North America accounts for 54% of job postings
Now that the price of oil has recovered from the bankruptcy-threatening bottoms of early 2016, the oil and gas industry has begun hiring again.
British global talent firm NES recently conducted a survey of companies and individuals in the oil and gas industry, examining hiring sentiment in the current job market.
NES reports that there were about 10,000 survey participants, ranging across over 20 disciplines and 158 countries. Overall, NES has found a relatively large amount of positivity in the industry, at least when compared to 2014-2016 levels. In reporting its results, NES found:
- 89% of employers expect staffing levels to stay the same or increase in the next 12 months, and
- Only 18% have negative confidence in the current employment market.
There has been a 2% year-over-year increase in oil and gas job postings online, with jobs from corporations up by 8%. Unsurprisingly, Halliburton (ticker: HAL) is advertising the largest number of available jobs, followed by Amec Foster Wheeler (ticker: WG.L), Baker Hughes (ticker: BHGE), CB & I (ticker: CBI), and Chevron (ticker: CVX).
Most of these jobs are located in North America, as the region accounts for 54% of job postings. Europe is responsible for 21%, while the remaining 25% is split between the rest of the world.
This survey includes more than simply E&P and service companies, with consultants, contractors, EPCMs, PMCs and equipment suppliers also included.

North American jobs pay best
The best starting salaries are found in independent E&P companies, where graduates receive an average of $58,800 salaries. As experience increases, however, the balance shifts between independents and supermajors.

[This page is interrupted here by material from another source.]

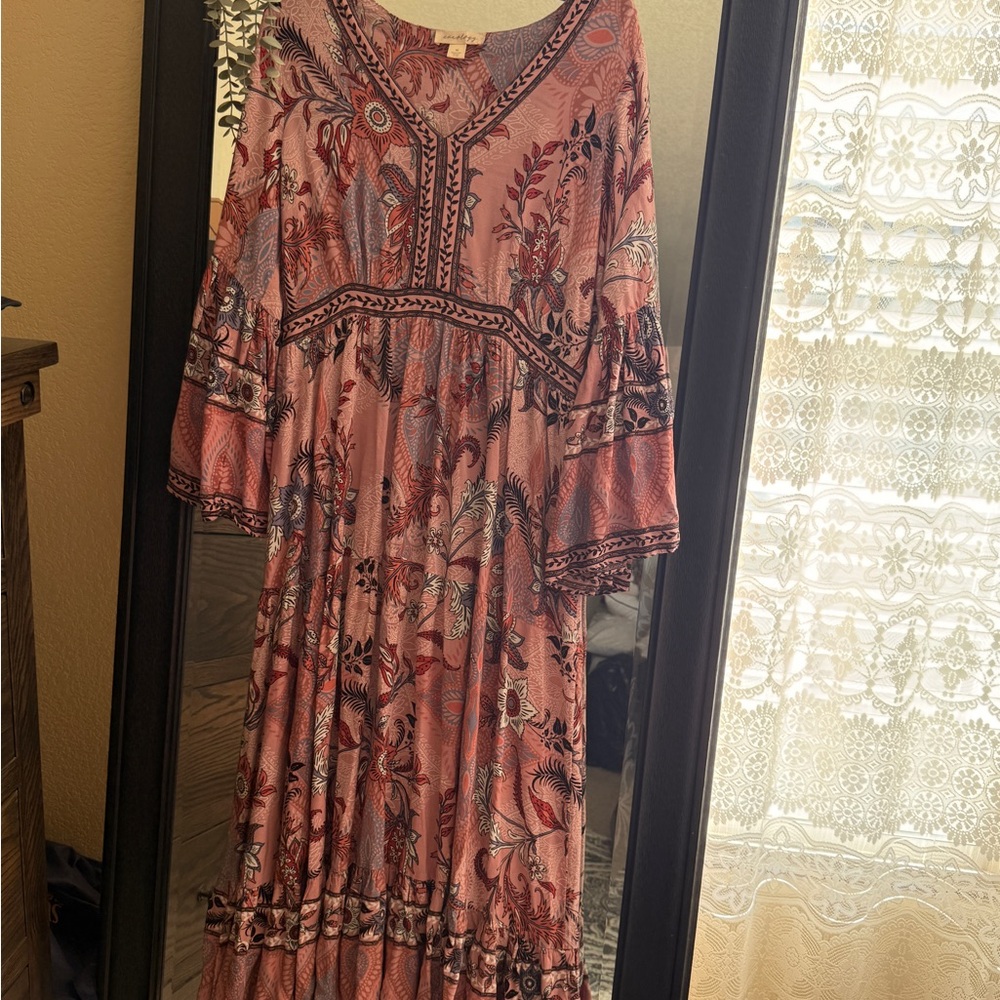Bohemian Floral Maxi Dress in Pink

According to NES, the average intermediate, senior-level and VP-level employee in a supermajor receives the highest salary, but managers receive the highest pay in independents.
North America is the best place to work in terms of salary, with almost every discipline receiving the highest pay in the U.S. and Canada.

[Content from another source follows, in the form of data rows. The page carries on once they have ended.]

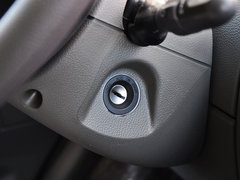 2014款 傲运通 2.5L 手动 短轴中顶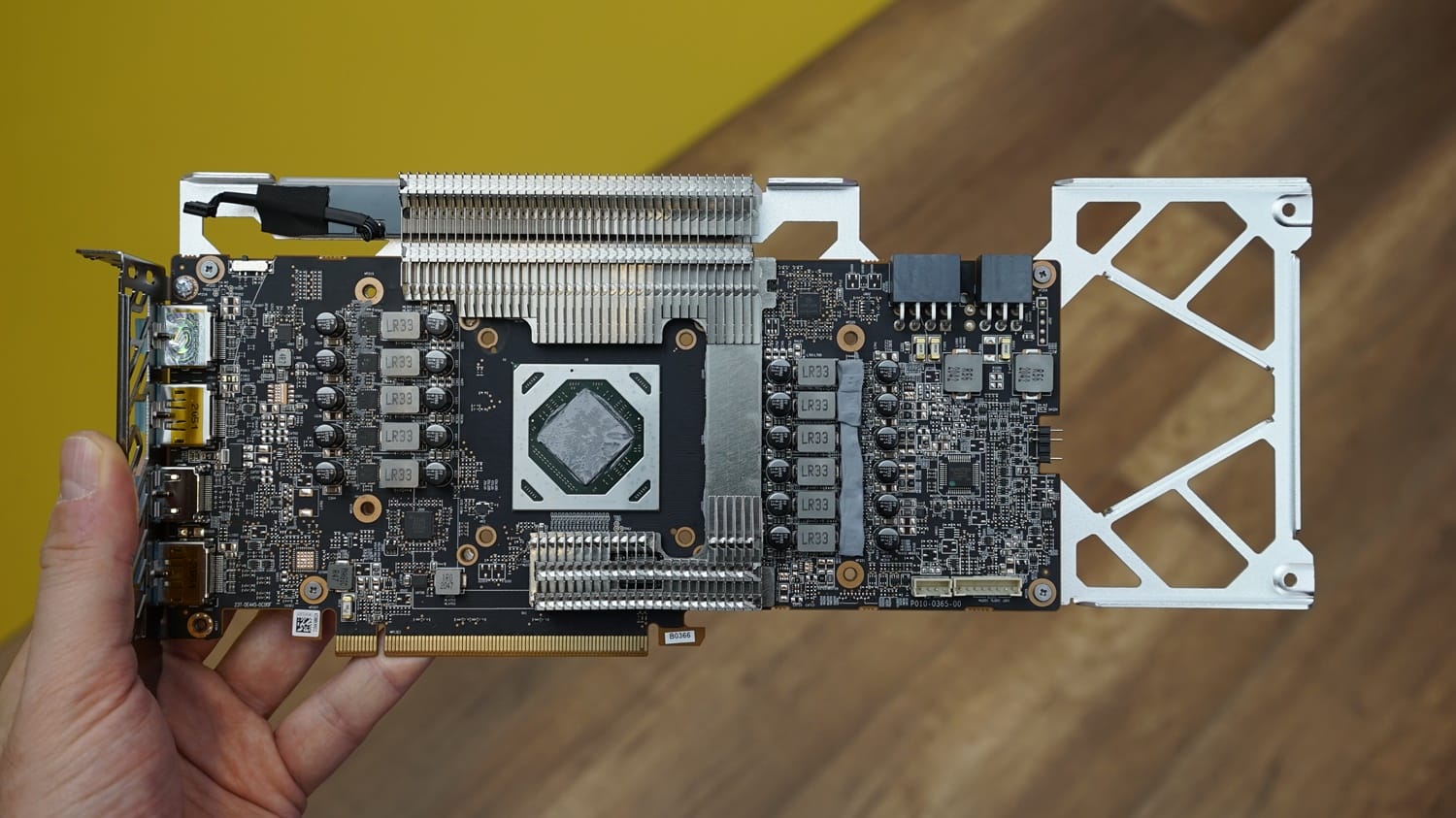 sapphire nitroplus rx6700xt 014 - PC Hocası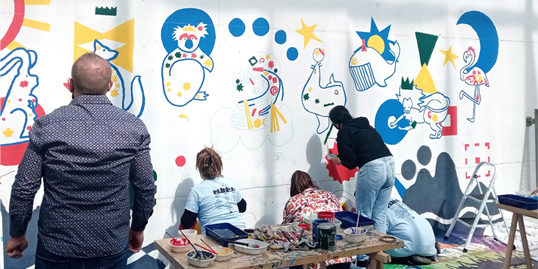 Dernier atelier de peinture avec un groupe de parents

Most employees of the oil and gas industry receive benefits, but the type of benefits varies widely. Every company type commonly pays out bonuses, with operators being the most likely to distribute such benefits. Other types of benefits are more specialized. Private military companies (PMCs) reported especially high rates of hazard pay, training and pensions, as might be expected considering the nature of the job.

The recent change in the oil and gas industry has been mirrored in the workforce. According to NES, about 45% of all respondents have changed jobs in the past 2 years, and only 10% have remained with their employer for the past 11 years.
Layoffs during the downturn mean skills are scarce now
NES also asked employers what each one believes is the most significant issue facing the industry in the next 12 months. As might be expected, economic instability ranks highest, as 49% of employees believe this will be the largest concern. In second place is the problem of skills shortages, which is particularly prevalent in North America.
The oil price downturn led many companies to slash headcounts, and operations often laid off the oldest, most highly paid workers. However, this also means companies were laying off their most experienced employees. 43% of employees believe the skills shortage is specifically due to inadequate planning for succession, with a lack of knowledge transfer and skills reduction. Companies are trying to mitigate this problem, with over half of all respondents looking to training and development to give existing employees new skills.